Ohio, Pennsylvania and New York, however, each experience their own plentiful steelhead run in an area so plentiful it is commonly known as steelhead alley.
Steelhead alley refers to a famous stretch of southern tributaries of Lake Erie from the middle of Ohio all the way to Pennsylvania and a touch of New York. Mad River Outfitters is one of the premiere steelhead guide services in the Great Lakes region and Fishbrain had the chance to sit down with experienced guide Ryan Ratliff to learn more about this unique fishery and the amazing fish that run it.
Fishbrain: How many steelhead runs does steelhead alley get a year?
Ryan Ratliff: We do not get a summer run because of a lack of water in the rivers at that time. Between September and October, though fish start looking to head up river for the fall run
Once you get into December the weather patterns are different and you could consider it a late fall run or a winter run. Rivers typically freeze between January 15-Feb 15 and little is happening migration wise at that time.
After ice jams blow out at the tail end of winter a few more fish will come up.
In general PA fish are a fall run fish Ohio are a winter and spring run as well as NY fish.
FB: How (if at all) do these fish or runs differ from a traditional coastal run?
RR: Coastal steelhead are considered anadromous, because they migrate from the freshwater to the ocean and back. Are our fish anadromous?
If your definition is predicated on the salt? No If your definition is predicated on migration then yes, so there is a bit of a gray area there.
As far as behavior goes, our fish do not come up in the water column. They travel more left to right in the stream, not up and down.

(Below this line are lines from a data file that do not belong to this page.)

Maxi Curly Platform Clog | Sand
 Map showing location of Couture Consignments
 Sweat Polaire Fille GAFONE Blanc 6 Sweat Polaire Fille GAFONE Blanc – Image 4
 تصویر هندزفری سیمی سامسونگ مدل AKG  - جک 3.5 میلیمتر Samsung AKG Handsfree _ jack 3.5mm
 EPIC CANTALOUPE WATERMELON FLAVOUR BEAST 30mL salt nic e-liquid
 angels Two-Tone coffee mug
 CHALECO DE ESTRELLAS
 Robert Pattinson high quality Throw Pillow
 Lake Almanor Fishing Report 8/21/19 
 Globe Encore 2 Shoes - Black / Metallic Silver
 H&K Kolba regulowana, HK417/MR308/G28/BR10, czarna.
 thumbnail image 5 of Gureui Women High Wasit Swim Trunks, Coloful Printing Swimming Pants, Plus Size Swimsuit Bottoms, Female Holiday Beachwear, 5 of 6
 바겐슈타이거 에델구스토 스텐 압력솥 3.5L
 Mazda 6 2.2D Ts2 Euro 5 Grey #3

I have caught some fish on the surface but it's a perfect storm situation when you can do that..
Also, our fish don't imprint on a stream like wild fish so the stream they travel up can be random and based on where they are within the harbor at a given time.
FB: What is your basic fly fishing setup for steelhead?
RR: I like a switch rod 11-12 ½ foot between 5 and 7 weight. Most people use 6 and 7. I like Tibor riptide spey reels spey light skagit heads shooting line. I prefer line to line connections with no loops, which helps with ice in the guides. For nymphing line I go with Scientific Anglers Great Lakes switch indicator.
FB: What are some of your go to flies?
RR: Dead drifting white zonkers (white death) with egg pattern attached is very effective. Baitfish like emerald shiners and shad travel into the system but can't handle the cold snaps and die, which is why we dead drift a lot of the streamer patterns.
I like adding bucktail to swinging flies like Jerry French’s intruder, the ai intruder and the Dirty Hoh.
Bites are more predicated on water temp. Cold water tends to give more taps, less hard takes and nymphing is more of an option in this case. When the water gets up the 50s you can get much more streamer action and even strip streamers and have the fish chase them right to your feet.
The cool thing is these are hatchery fish and put here for us to enjoy, but that doesn't mean you just disrespect them.
Nymphing is probably the most successful overall, but in the right circumstances, swinging streamers is much more exciting.
FB: What river and weather patterns do you look for on a good day?
RR: Ideally you get a good push of rain to push out fallen leaves. There are leaves from top to bottom in the rivers making swinging a streamer very difficult. I Look for water levels on the drop but not leveling out. I like cool weather patterns, but not a big cold front. If the water temps in the rivers are a little cooler than the lake that's good, but if the water temps are significantly cooler than the lake the fish will stay in the lake and not start their migration.
FB: How big of fish can you readily expect to catch?
RR: The goal is always a 30 inch plus fish.
FB: What are some of the mistakes you see most steelhead anglers make?
RR: For those swinging streamers it does not use the right color. Color is big regarding water clarity. It's kind of the opposite of the classic rule of bright day bright fly. Dark water, bright fly, clear water go with a black, or olive color.
Most nymphers have way too much drag and not enough weight. You want to get close to the bottom and keep it there. Make sure that when you mend, you're not bringing your nymph too high in the water. You want to stay down as long as possible.
Just because winter is looming, never means you should put away your fishing rod. There are always opportunities to keep fishing new waters, methods and for new species. Every angler should try, at least once, to battle the elements and understand the passion and frustration involved with winter steelheading.
Now let’s go fishing. We’ll bring the waders and hand warmers.